Planting in the Olympic Park has finished after a two-year marathon which saw the transformation of 100 hectares (250 acres) of land on the banks of the River Lee in London into new gardens, wetlands, meadows and parkland.

RHS competition winners Rachel Read, from Colchester in Essex, and 12-year-old Hannah Clegg from Malmesbury in Wiltshire planted the last of hundreds of thousands of plants at a ceremony in London. The pair designed two gardens in the RHS Olympic Park Great British Garden, a riverside garden overlooking the Olympic stadium.

‘I feel very honoured to have been a part of such a huge and prestigious project,’ said Rachel. ‘The garden fits in so well with the feel of the whole parkland and yet has the sense of the British garden that we were trying to achieve. I’m looking forward to seeing people enjoying it for years to come.’

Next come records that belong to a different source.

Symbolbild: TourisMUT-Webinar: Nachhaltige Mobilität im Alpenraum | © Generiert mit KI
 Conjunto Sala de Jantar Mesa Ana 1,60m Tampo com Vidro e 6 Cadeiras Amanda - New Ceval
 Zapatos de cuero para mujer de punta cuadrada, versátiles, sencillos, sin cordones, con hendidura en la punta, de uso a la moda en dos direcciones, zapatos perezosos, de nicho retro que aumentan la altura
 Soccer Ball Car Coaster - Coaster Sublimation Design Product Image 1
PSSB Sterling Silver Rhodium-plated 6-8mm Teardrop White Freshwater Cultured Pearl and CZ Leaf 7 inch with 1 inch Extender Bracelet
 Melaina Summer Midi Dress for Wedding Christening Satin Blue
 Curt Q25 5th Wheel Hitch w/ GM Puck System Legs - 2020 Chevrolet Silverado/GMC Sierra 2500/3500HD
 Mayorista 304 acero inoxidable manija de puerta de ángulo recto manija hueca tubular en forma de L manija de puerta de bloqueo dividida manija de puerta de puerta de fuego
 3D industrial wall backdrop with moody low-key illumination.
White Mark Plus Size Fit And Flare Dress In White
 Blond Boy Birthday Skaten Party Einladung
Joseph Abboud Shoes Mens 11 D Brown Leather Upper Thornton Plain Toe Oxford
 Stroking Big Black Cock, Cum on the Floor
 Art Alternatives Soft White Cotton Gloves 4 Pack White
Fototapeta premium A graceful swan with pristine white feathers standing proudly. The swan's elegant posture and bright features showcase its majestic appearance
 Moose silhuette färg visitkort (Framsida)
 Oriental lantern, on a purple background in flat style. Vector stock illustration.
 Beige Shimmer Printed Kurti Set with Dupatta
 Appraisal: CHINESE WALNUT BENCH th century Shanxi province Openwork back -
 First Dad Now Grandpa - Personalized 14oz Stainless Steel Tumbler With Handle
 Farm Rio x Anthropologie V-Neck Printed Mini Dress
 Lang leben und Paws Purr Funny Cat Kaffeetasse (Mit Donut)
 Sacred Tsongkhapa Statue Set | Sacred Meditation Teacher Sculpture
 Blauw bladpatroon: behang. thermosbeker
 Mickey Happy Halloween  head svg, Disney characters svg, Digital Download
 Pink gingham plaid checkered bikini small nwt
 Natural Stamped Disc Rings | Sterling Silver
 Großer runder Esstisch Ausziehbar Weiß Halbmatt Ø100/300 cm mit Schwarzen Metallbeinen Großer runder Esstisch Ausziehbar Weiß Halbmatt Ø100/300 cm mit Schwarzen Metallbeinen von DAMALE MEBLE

In all 4,000 semi-mature trees, over 300,000 wetland plants and 15,000 square metres of lawn have been planted and millions of nectar-rich annual and perennial flowers sown in huge meadows timed to flower during the Olympic and Paralympic Games. A riverside garden created by leading designer Sarah Price stretches for ½ mile along the Thames and celebrates centuries of British gardening and plant collecting, with 120,000 plants from 250 species around the world.